Se ne vanno da soli, oppure trascinando con sé amati o nemici.

 

Nella lettera pubblicata su La Repubblica, il giovane gay conclude il suo messaggio scrivendo “chiediamo solo di esistere” e io lo ringrazio per questo suo atto di coraggio, per aver fatto coming out di sé e della sua condizione ma, perché questa sua richiesta abbia significato e valore, questa sua richiesta a veder riconosciuto il diritto fondamentale della Persona, deve essere estesa a tutti, al Diritto della Persona.

Spesso sentiamo invocare quanto i Padri fondatori della Repubblica italiana hanno scritto negli articoli della nostra Costituzione, in special modo il “diritto al lavoro” riportato all’articolo 1: L'Italia è una Repubblica democratica, fondata sul lavoro.

Scusatemi, ma io non sono d’accordo.

La Persona dev’essere tutelata nel suo Diritto. E non c’è un Diritto che possa prevalere su un altro.

Non vi è una possibile sperequazione sui diritti come non può esserci tra una persona e un’altra.

 

In questo tempo, il Potere economico di pochi -e la collusione con esso di politici e Mass media, di leader e ideologie- sta conducendo la specie umana sull’orlo di un abisso rendendo opzionale anche il suo diritto alla sopravvivenza.

Ma non è riducendoci a “chiedere solo di esistere” in quanto gay o migranti, o detenuti o transgender o donne o vecchi o poveri o… che possiamo sperare di ottenere il diritto a essere.

Noi dobbiamo avere chiaro che per prima cosa occorre rifiutare la logica del particolarismo.
Non esistono i diritti.

Esiste il Diritto della Persona, inalienabile inopinabile incontrovertibile, ed è di questo che dobbiamo prendere coscienza.

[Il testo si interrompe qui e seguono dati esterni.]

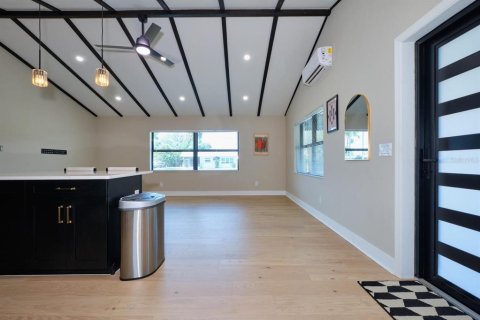Villa ou maison à vendre à North Fort Myers, Floride: 2 chambres, 87.14 m2 № 1592918 - photo 24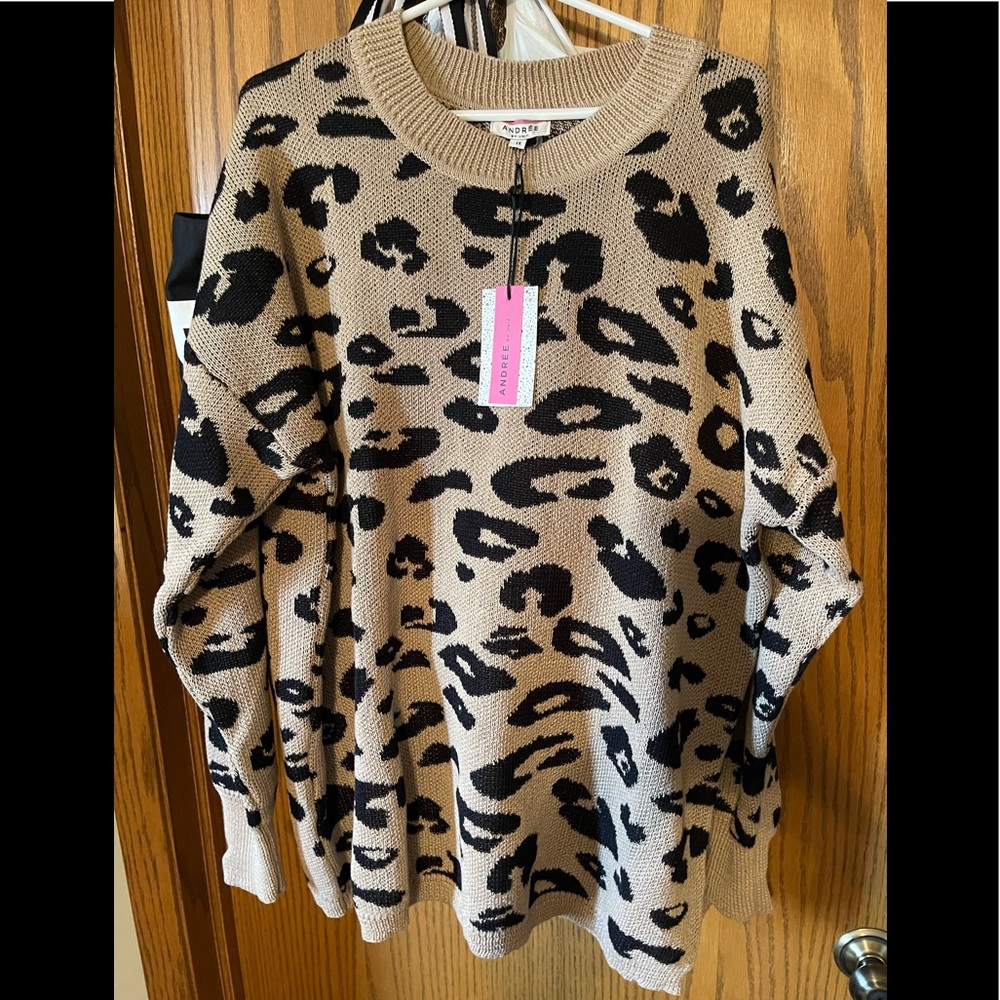 1x animal print sweater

Per questo Diritto della Persona dobbiamo scendere di nuovo in piazza, innalzare barricate, se necessario, e lottare con ogni nostra energia.

 

La catena tragica dei suicidi deve risvegliarci.

Noi non possiamo, non dobbiamo limitarci a partecipare a questo dolore –oggi di altri ma domani, chissà…- noi dobbiamo unirci nella reazione.

E reagire contro il suicidio, come contro qualsiasi atto di violenza, significa rifondare il Diritto della Persona, in ogni sua possibile declinazione.